Write a c program to merge two sorted linked lists in sorted order.  For example if one linked list is 1->2->3->null and other is 1->3->5->6->null then the output should be 1->1->2->3->3->5->6->null.

How to approach solution

  • Take two pointers head and current.
  • head pointer will point to first node only.
  • To solve this problem we need to traverse both the linked list.
  • During traversal check the node value of linked list.
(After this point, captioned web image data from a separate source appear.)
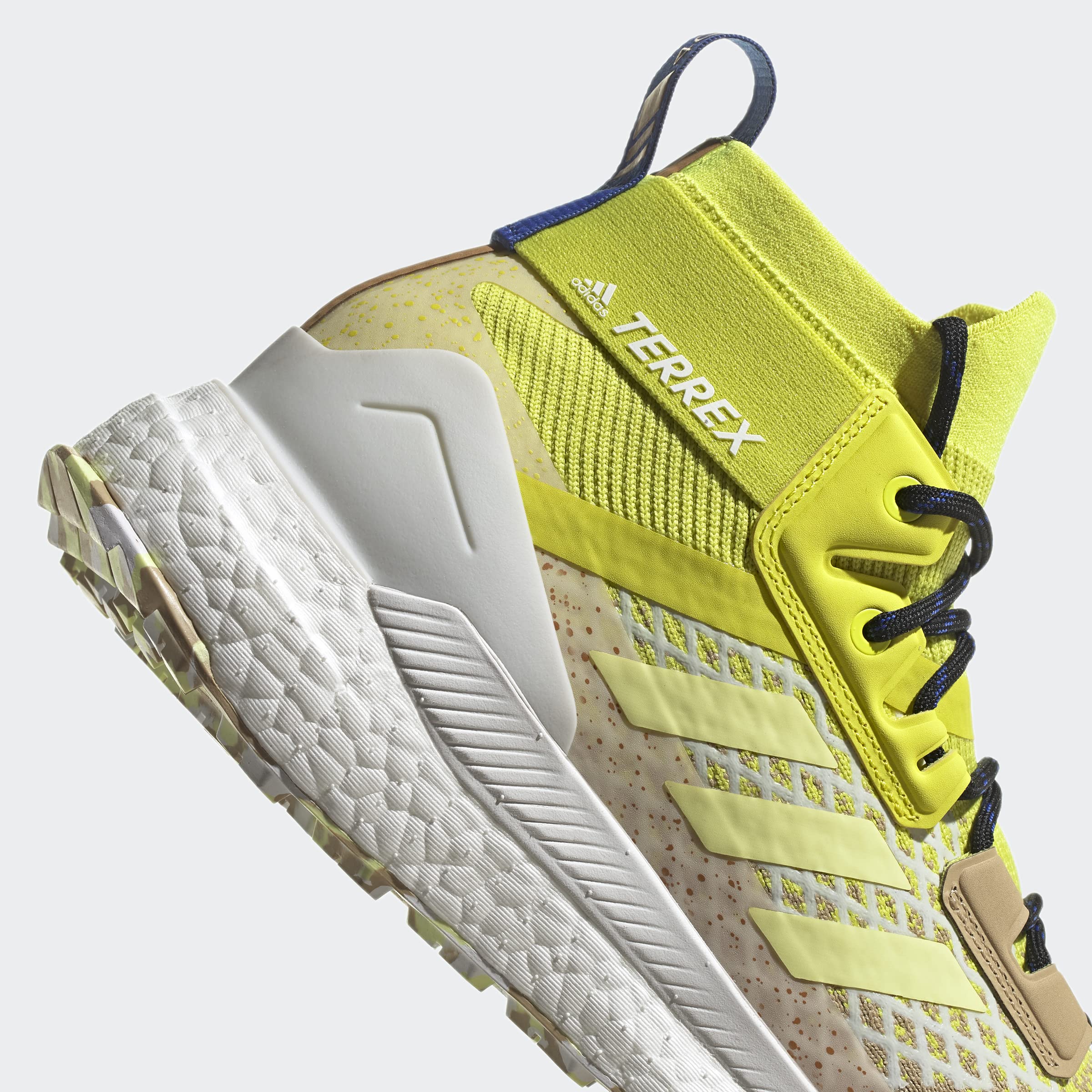 adidas Men's Terrex Free Hiker Hiking Shoes - Lightweight Waterproof Trail Running Shoes for Outdoor Adventures & Mountain Climbing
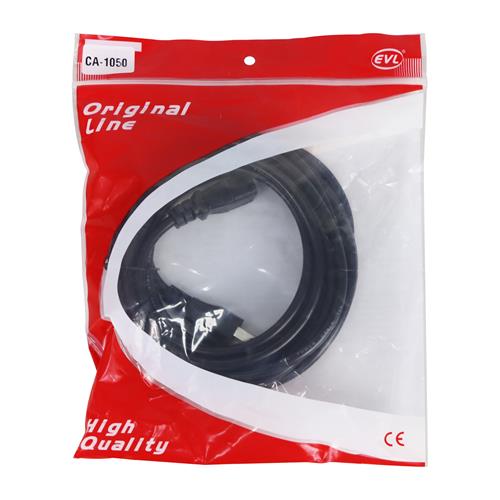 CABLE PODER 10A 5MT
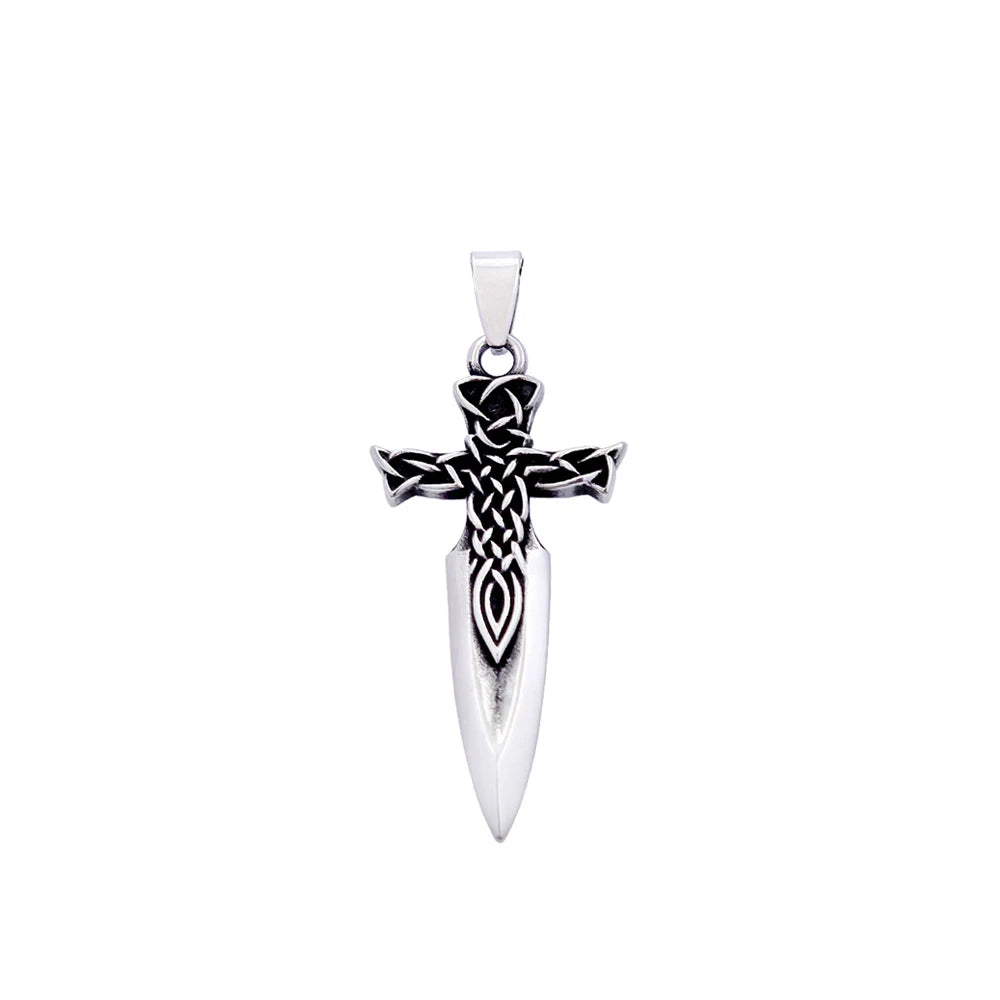 Nordic Sword Pendant (316L)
Suppose if the one linked list is l1 and another is l2.
  • if the node value of l1 is less than equal to the node value of l2, then append l1 to current.
  • else append l2 to current.

C Program to merge two sorted linked lists

#include <stdio.h>
#include <malloc.h>

typedef struct node
{
		int val;
		struct node* next;
} list;

list *l1 = NULL;
list *l2 = NULL;

list* create_node(int val);
void print(list *head);

list* merge(list* l1, list* l2)
{
	if (l1 == NULL) return l2;
	if (l2 == NULL) return l1;
	list *p1 = l1;
	list *p2 = l2;
	list *head = NULL;
	list *cur = NULL;

	while (p1 && p2)
	{
		if (head == NULL)
		{
			if (p1->val <= p2->val)
			{
				head = cur = p1;
				p1 = p1->next;
			}
			else
			{
				head = cur = p2;
				p2 = p2->next;
			}
		}
		else
		{
			if (p1->val <= p2->val)
			{
				cur->next = p1;
				cur = p1;
				p1 = p1->next;
			}
			else
			{
				cur->next = p2;
				cur = p2;
				p2 = p2->next;
			}
		}
	}
	if (p1) cur->next = p1;
	if (p2) cur->next = p2;
	return head;

}

int main()
{
	// create linked list 1->2->3->null
	l1 = create_node(1);
	l1->next = create_node(2);
	l1->next->next = create_node(3);
	l1->next->next->next = NULL;

	// create  1->3->5->6->null
	l2 = create_node(1);
	l2->next = create_node(3);
	l2->next->next = create_node(5);
	l2->next->next->next = create_node(6);
	l2->next->next->next->next = NULL;

	list *res = merge(l1, l2);
	print(res);
	return 0;
}

list* create_node(int val)
{
	list *tmp = (list*) malloc(sizeof(list));
	tmp->next = NULL;
	tmp->val = val;
	return tmp;
}
void print(list* head)
{
	list* current = head;
	while (current)
	{
		printf("%d ", current->val);
		current = current->next;
	}
	printf("\n");
}

Recursive approach

  • We have two linked lists l1 and l2 in sorted order.
  • The  size of l1 could be equal to the size of l2.
  • The size of l1 could be greater than the size of l2.
  • The size of l1 could be less than the size of l2.
  • So the recursive call of merge(l1->next,l2) or merge(l1,l2->next) , would return when smaller list ends. in this case merge the rest of the another list.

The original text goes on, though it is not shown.